Walden’s Premise Is Better Than Its Execution

Photo: courtesy Uncork’d Entertainment.

Imagine the Americana-set comedy of a Coen Brothers film, coupled with the energy and creativity of a ’90s slasher, further accompanied by a dark, harrowing mystery a là Seven. Writer-director Mick Davis’s Walden is essentially a marriage of these three elements—which sounds like a formula for a wild success, and Walden surely takes its premise to some fun and interesting places. There is plenty to enjoy about Walden from its lead’s energy and commitment to its cheeky setting and tone. it’s unfortunate, then, that the film fails to really form a cohesive whole from its clever inspirations.

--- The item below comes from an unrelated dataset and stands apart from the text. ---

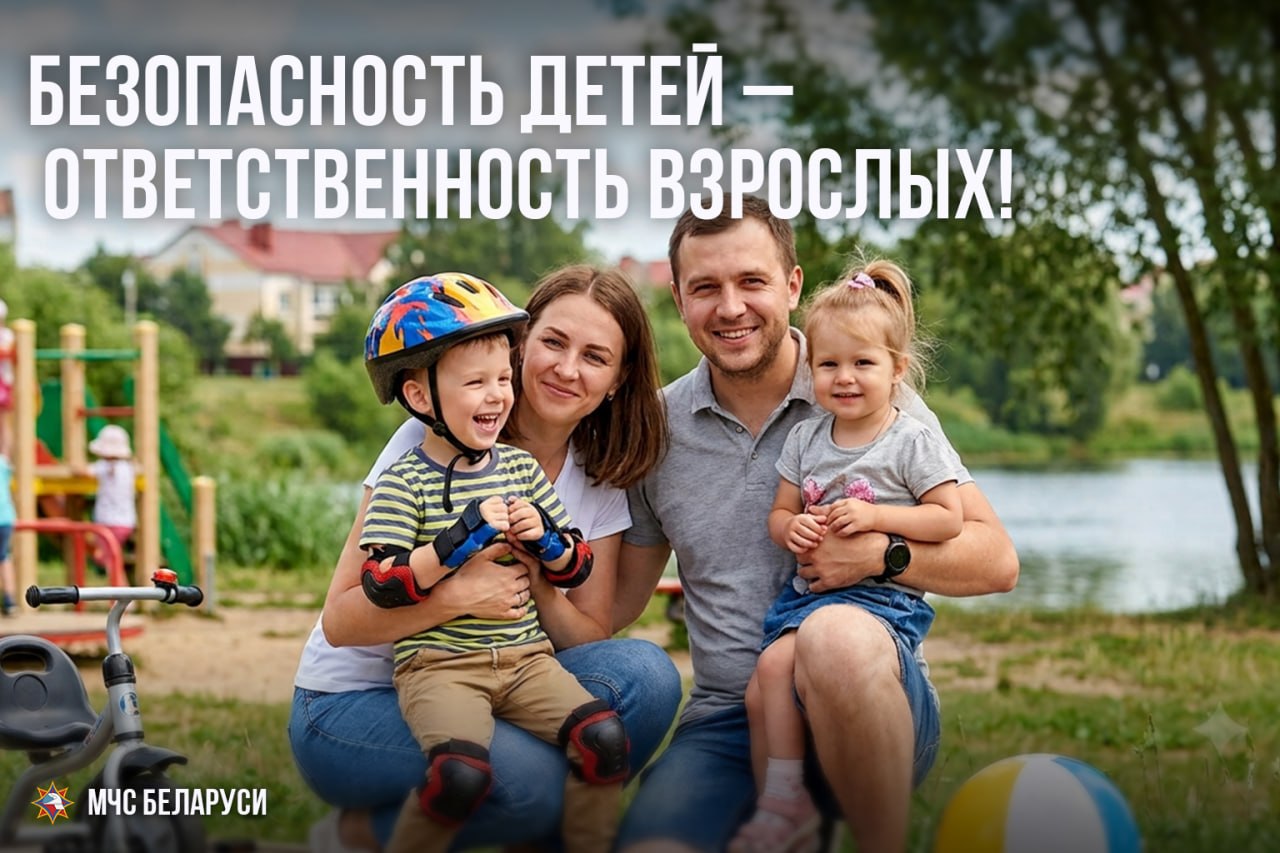Впереди еще месяц летних каникул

Walden centers on the titular character (Emile Hirsch), a court stenographer and a nice southern boy in the small town of Alexandria, Georgia. The film follows him as he witnesses the sheer depravity of the people that go in front of him in court every day. As he sees more and more miscarriages of justice, Walden slips further down his own dark path and begins to take matters into his own hands.

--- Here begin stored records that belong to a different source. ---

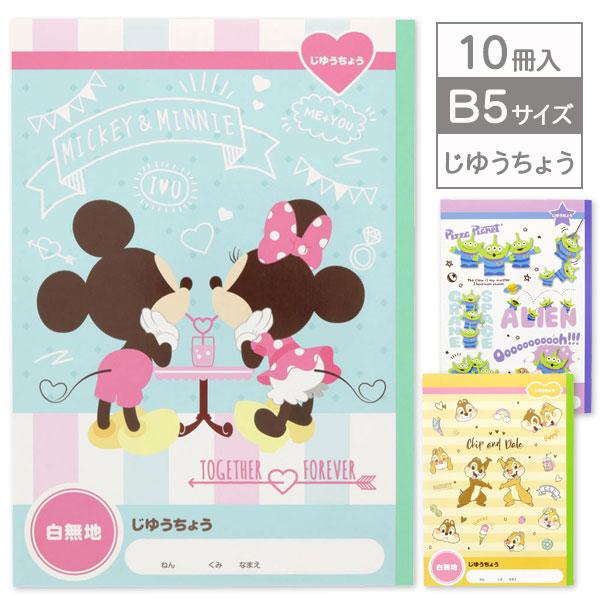 Disney（ディズニー） 子供 景品 自由帳 10冊1セット 子ども会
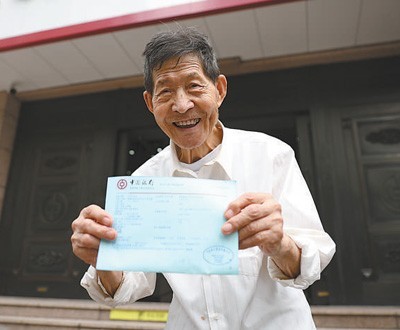 91岁退休教师王坤森多年来坚持捐资助学—— “帮助困难学生，是我一生的信念”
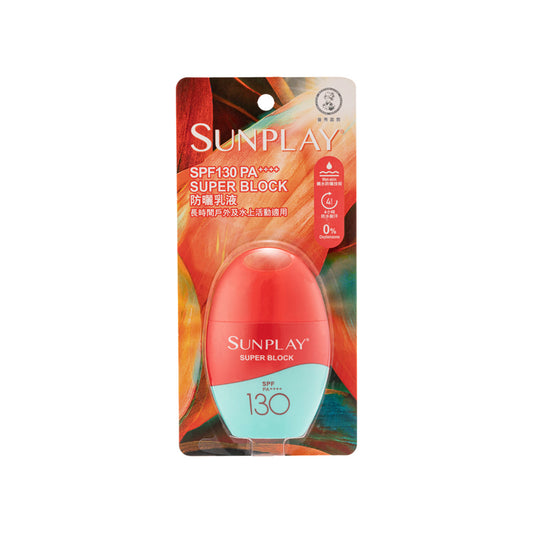 Mentholatum SPF130 Pa++++ Sunplay Super Block 42G | Sasa Global eShop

Image from WALDEN depicting Walden (Emile Hirsch) praying on his bed.
Walden (Emile Hirsch) has very good intentions. Photo: courtesy Uncork’d Entertainment.

Walden is, at its core, very silly. The film’s appeal, where it can be found, comes from the zany nature of seeing Hirsch’s twee, bow tie-wearing gentleman commit some gruesome murders. The film reaches its real charm when it allows him to be completely insane and revel in the film’s own silliness.

Hirsch, furthermore, commits to the bit in a big way. He’s pretty cartoonish, but not in a bombastic kind of way. It’s the way he carries himself, the way he’s dressed, and, crucially, his soft, gentle tone of voice. He is a wonderful and charming presence, whether he’s having a nice lunch with his boss or enacting gruesome revenge on those released from the wrong courtroom.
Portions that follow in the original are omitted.